┌────────
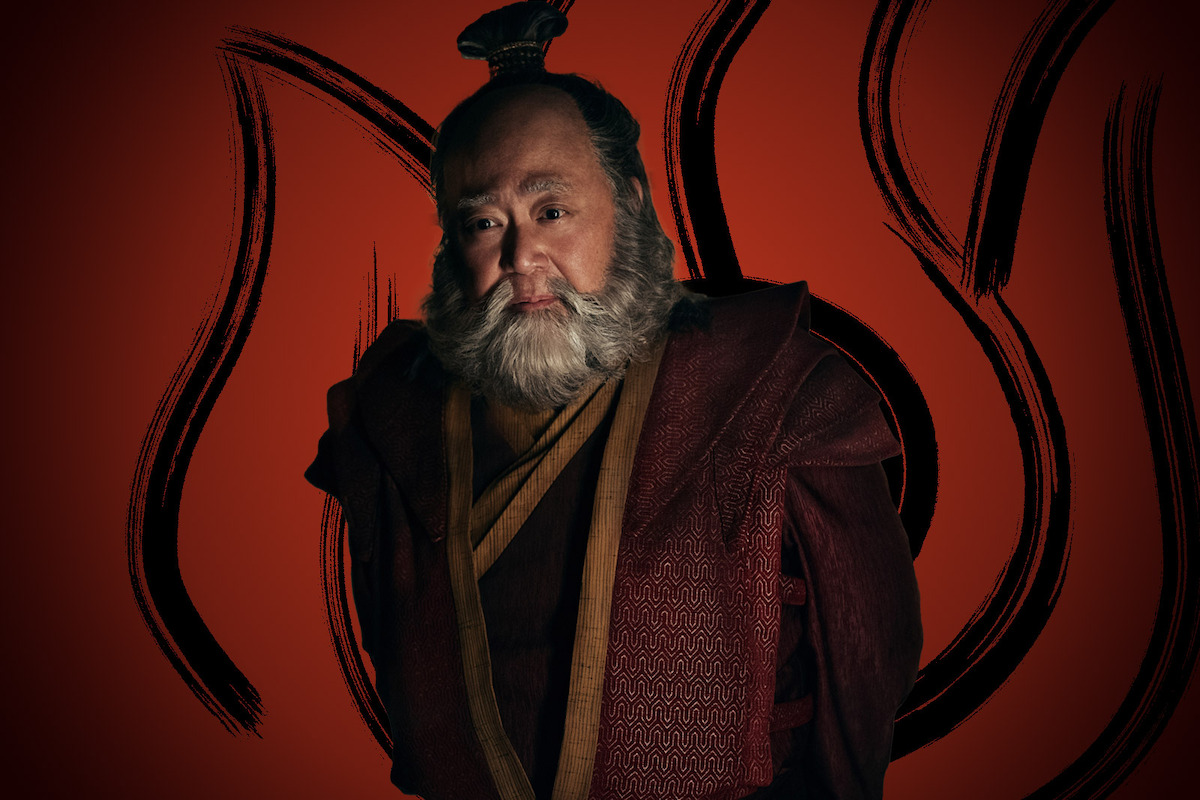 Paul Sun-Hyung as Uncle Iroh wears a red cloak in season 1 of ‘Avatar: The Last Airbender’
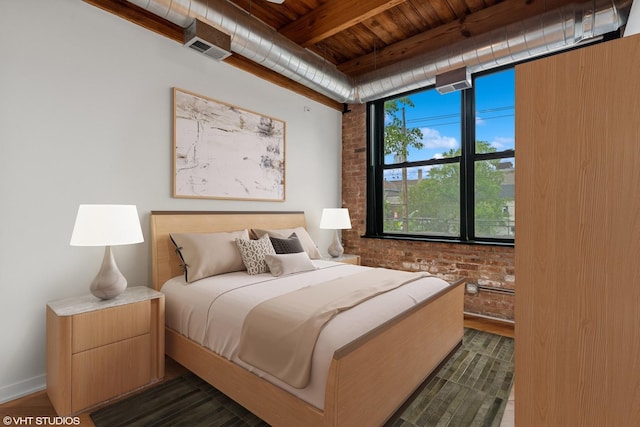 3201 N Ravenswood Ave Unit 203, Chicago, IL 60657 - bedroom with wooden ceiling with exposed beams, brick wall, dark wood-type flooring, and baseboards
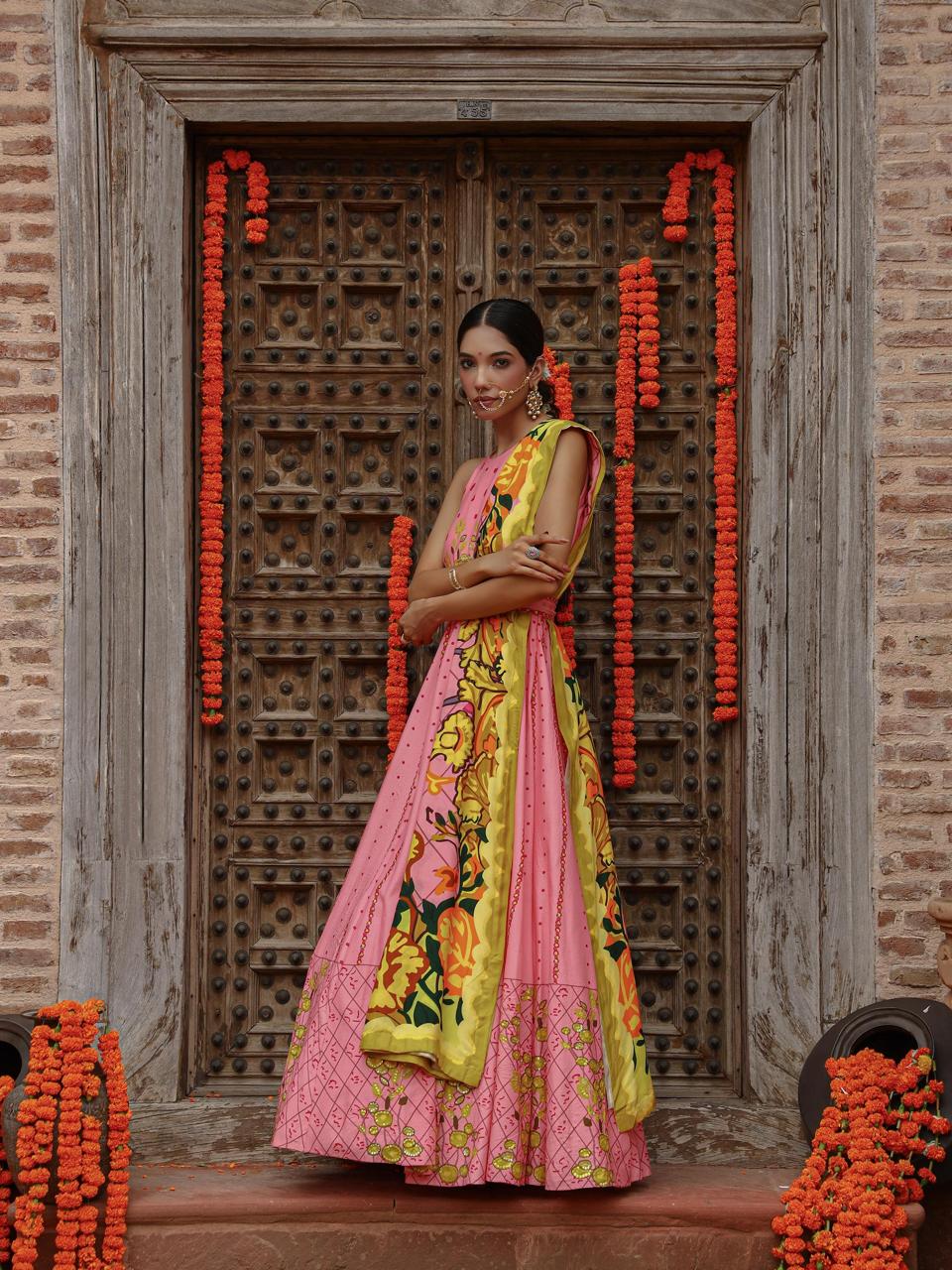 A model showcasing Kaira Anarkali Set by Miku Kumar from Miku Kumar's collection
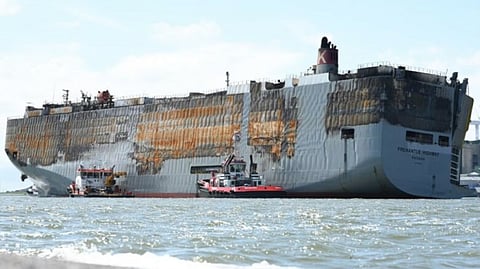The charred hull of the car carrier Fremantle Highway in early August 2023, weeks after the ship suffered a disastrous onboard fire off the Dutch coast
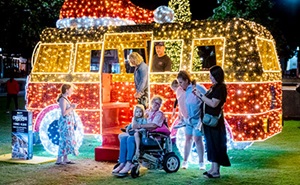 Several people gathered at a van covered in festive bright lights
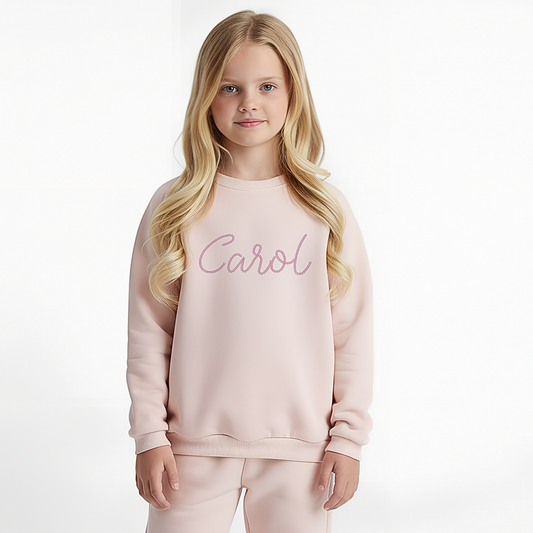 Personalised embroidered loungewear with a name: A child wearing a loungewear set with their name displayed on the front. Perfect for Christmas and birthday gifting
└────────
AIM OF THE EXERCISE –
Whatever pictures the records hold, omit them; give again exactly the lines from the one containing "3201 N Ravenswood" through the one containing "The charred hull".

SOLUTION TO THIS PROBLEM –
 3201 N Ravenswood Ave Unit 203, Chicago, IL 60657 - bedroom with wooden ceiling with exposed beams, brick wall, dark wood-type flooring, and baseboards
 A model showcasing Kaira Anarkali Set by Miku Kumar from Miku Kumar's collection
The charred hull of the car carrier Fremantle Highway in early August 2023, weeks after the ship suffered a disastrous onboard fire off the Dutch coast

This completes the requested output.